WHAT TO WORK ON: Starting at the line that contains "Blue optical fiber" and stopping at the line that contains "Broderi af en", restate each line of the records below exactly. Omit the pictures.

SUPPLIED DATA:
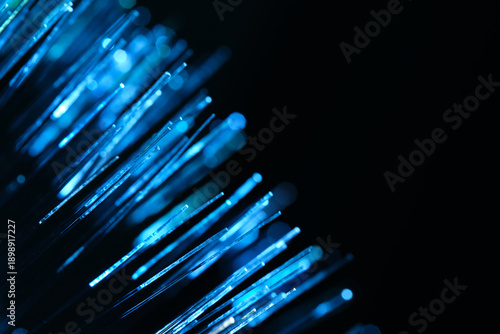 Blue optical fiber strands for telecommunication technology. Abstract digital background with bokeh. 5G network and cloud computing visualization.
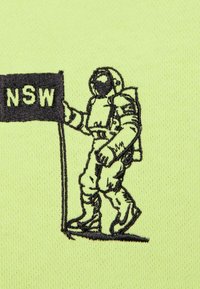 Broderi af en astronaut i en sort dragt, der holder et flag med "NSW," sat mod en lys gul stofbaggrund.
...
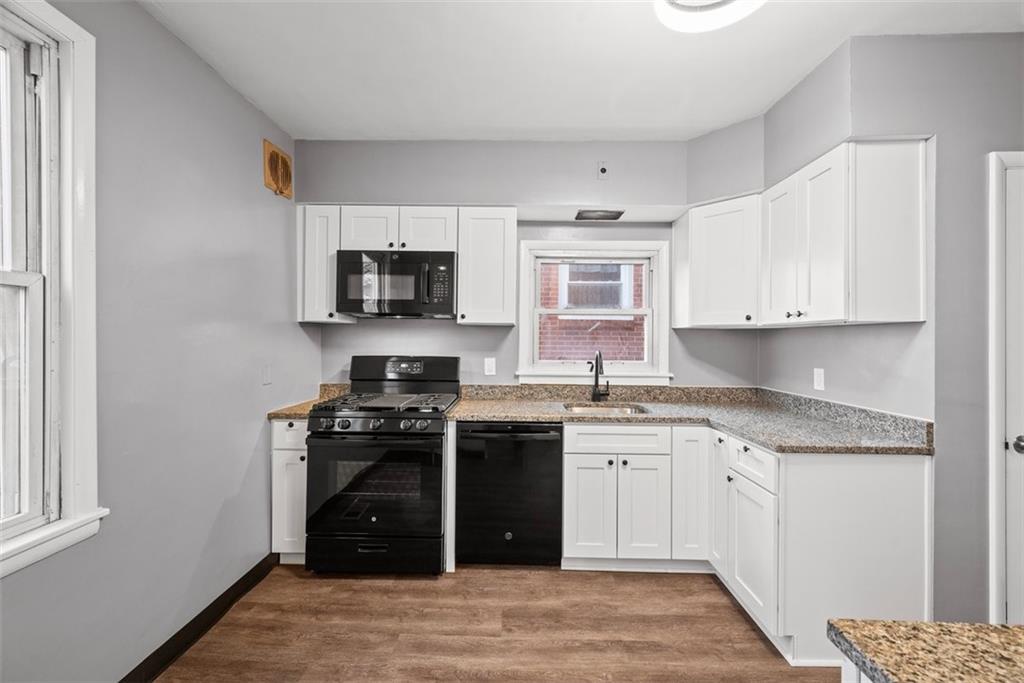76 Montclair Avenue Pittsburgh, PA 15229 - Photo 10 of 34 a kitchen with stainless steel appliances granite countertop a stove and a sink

EXERCISE OUTPUT:
 Blue optical fiber strands for telecommunication technology. Abstract digital background with bokeh. 5G network and cloud computing visualization.
 Broderi af en astronaut i en sort dragt, der holder et flag med "NSW," sat mod en lys gul stofbaggrund.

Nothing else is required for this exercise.